GRAND JUNCTION, Colo. There's never an occasion when it's safe for parents to leave children in cars, but as summer approaches, the risks grow even more, emergency responders said.
44 children died of vehicular heatstroke in 2013 in the U.S. Five have already died from the same cause this year.
"It's very important because I've seen many videos and it does get very hot very very fast and it's very important that you always have them with you," said Carrie Ostrander, a mom of two.
Temperatures in cars can be dramatically higher than outside. For example, at 12:45 p.m. on Friday, it was 68 degrees. But a heat gun detected the temperature inside of a car to be upwards of 90 degrees.

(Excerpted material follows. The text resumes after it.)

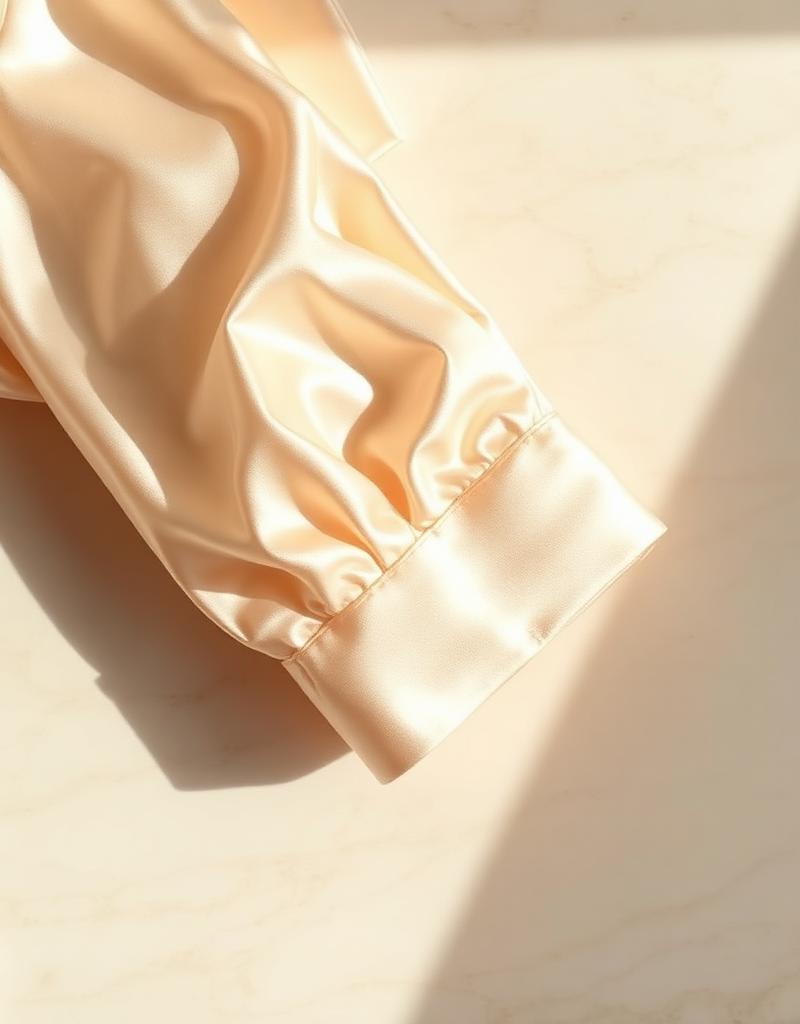 Champagne Satin Blouse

"Even though you may have tinted windows and things of that nature, just leave a car for a very short period of time in 90-100 degree weather and you come back in minutes later and it's significant heat differences upwards of 120-130 degrees," said Jody Hudson, of the Grand Junction Fire Department.
Young children are extra sensitive to harsh heat conditions.

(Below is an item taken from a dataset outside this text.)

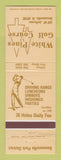 Matchbook Cover - White Pines Golf Course Bensenville IL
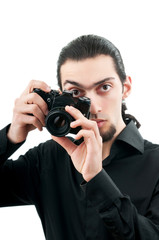 Fototapeta premium Photographer with the digital camera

"The younger they are, the higher risk they are to having these subtle changes to major changes in heat emergencies that they can't communicate to you," Hudson said.
Emergency responders ask parents to take their children with them out of the car even if they're running a quick errand. People can report a child alone in a car at anytime, even if it's not hot outside.
Also, parents are encouraged check the back seat and trunk of the car before they lock it even if they don't think their children are with them.